Une bonne fin peut-elle sauver un mauvais roman ? Non, bien sûr. Mais on est forcé de convenir qu'un mauvais roman avec une bonne fin est préférable à un mauvais roman qui se terminerait de façon lamentable. On ne peut donc qu'approuver le refus du premier ministre de s'associer à une guerre menée par des assoiffés de pétrole le crucifix à la main, tout comme sa décision de nettoyer le financement des partis politiques fédéraux (25 ans après le Québec).
Cette décision n'est peut-être qu'un cadeau d'adieu-jambette à son éventuel successeur Paul Martin pour l'aider à s'aplatir le museau dans ses futures fonctions, mais les résultats comptent ici davantage que les intentions -- et puis, pour être franc, avouons qu'à peu près tout le monde, sauf Paul Martin, se fiche des maux de tête de Paul Martin.

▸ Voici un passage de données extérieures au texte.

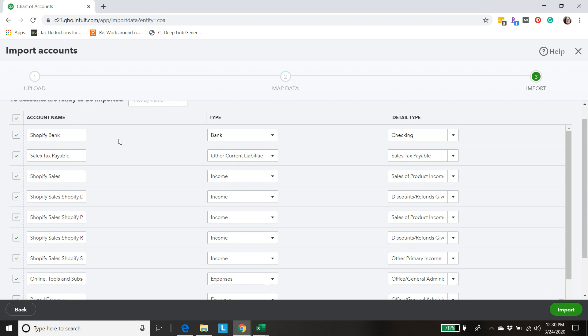The first one is something called Shopify bank and I'll go over that in more detail in the next video. It's not another bank account. It's just representative of the amount of money at the end of the month still held by Shopify. There's a time lag between when you make a sale and when you get the deposit. And that difference is going to be recorded in our bookkeeping through what I call Shopify bank.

Cela dit, un malfaiteur repenti conserve tout son passé et, dans l'émotion qu'on ressent à le contempler, il reste toujours un peu de méfiance. L'histoire n'oubliera pas que Jean Chrétien a passé une bonne partie de sa carrière à diriger un gouvernement corrompu et à tenter d'écraser de tout son poids -- qui était celui de l'argent et de la majorité anglophone -- un peuple -- son peuple -- engagé dans la conquête de sa liberté.
Pour que la fin du roman politique de Jean Chrétien ait des chances de faire oublier l'histoire minable qui la précède, il faudrait bien d'autres bonnes actions. Il faudrait, par exemple, qu'il abandonne une fois pour toutes la stratégie de famine financière qu'il utilise contre le Québec pour le forcer à se mettre à genoux devant la statue de l'unité canadienne. Il faudrait aussi, malgré toutes les joies solitaires qu'elle a procurées à son ministre Stéphane Dion, abroger cette fameuse loi sur la clarté référendaire, qui n'a de clair que son esprit de domination.
Mais de cela, Jean Chrétien n'a sans doute ni la capacité ni -- très certainement -- la volonté. On a beau vouloir finir grand homme, il y a des choses au Canada qui ne se font pas.